The 150th anniversary has been marked with public celebrations and commemorative projects all across the country, some of which are funded by a special program of the Canadian government. To mark the 150th anniversary of Confederation, the entry fees to all national parks have been temporarily lifted. The government has decided to use the 150th anniversary of Confederation as an excuse to fund a variety of perfectly worthy projects that range from making playgrounds more accessible disabled children to orchestra tours to more funding for a ParticiPACTION, a campaign to make Canadians exercise a bit more. (see full list here).

Most of these fine projects have zero heritage or historical content and are thus similar to the civic projects that marked the 100th anniversary of Confederation in 1967. The 1967 Centennial project fund resulted in the construction of a string of municipal swimming pools, hockey arenas, roads, libraries, etc all across Canada, all of which have the name Centennial. As someone who was born in the 1970s, I was able to make use of some of the facilities built in 1967, so I would imagine that the facilities that will be opened this summer will benefit future generations.

[I must confess that I am less certain that the gigantic rubber duck that Toronto has rented for the summer to celebrate the 150th anniversary of Confederation will actually benefit future generations, or indeed current residents of that city. The plan is to let the duck drift around Toronto harbour for the summer in a “whimsical” fashion. Although we are assured that the duck does not pose a threat to navigation, its arrival in the city has generated some debates about cost effectiveness].
Ok, let me get back to my main point. Some people have observed that the projects that the government has funded to mark the sesquicentennial of Confederation do not have anything to do with the actual event being commemorated (Confederation). Some historical or heritage projects are being funded, but they are designed to share stories about many events and historical periods in Canadian history rather than the events of 1867 itself. For instance, there has been an oral-history initiative called Red Couch, which invites people to sit on a sofa in a public place and reminisce about what they have observed during their lives. Since nobody born in the nineteenth century is still alive, of course, this form of heritage will say nothing about Confederation in 1867. Similarly, children are being invited to make short videos called Here’s My Canada in which they talk about whichever events in Canadian history are of interest to them. From what I can see, the children were not asked to speak about the events of 1867 and they probably weren’t even told of them.

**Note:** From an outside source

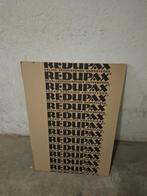 Redupaxx geluidreducerende ondervloer 12x. 85cm x 59cm / 9mm, Doe-het-zelf en Verbouw, Vloerdelen en Plavuizen, Ophalen, 30 cm of meer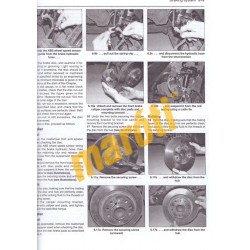 Vauxhall/Opel Astra H Petrol (May 04 - 08) 04 to 08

The legal academic Leonid Sirota has recently noted that while academics are using the sesquicentennial of Confederation as occasion for debating Canada’s past and future constitutional development , the same is not true of the non-academic events designed to mark the sesquicentennial. In other words, whilst law school professors and political scientists interested in the constitution have organized scholarly conferences and journal special issues about that discuss the events of the 1860s, the government-funded events for the public have avoided discussing this issue. In management journals, we have the concept of “organizational forgetting.” My fellow business-school professors have published a great deal of work on this subect. That’s what appears to be taking place in Canada right now—a conscious desire to try to supress discussion of 1867 and to get people to forget about the snippets of historical knowledge they have from high school that relate to the process that resulted in Confederation in 1867.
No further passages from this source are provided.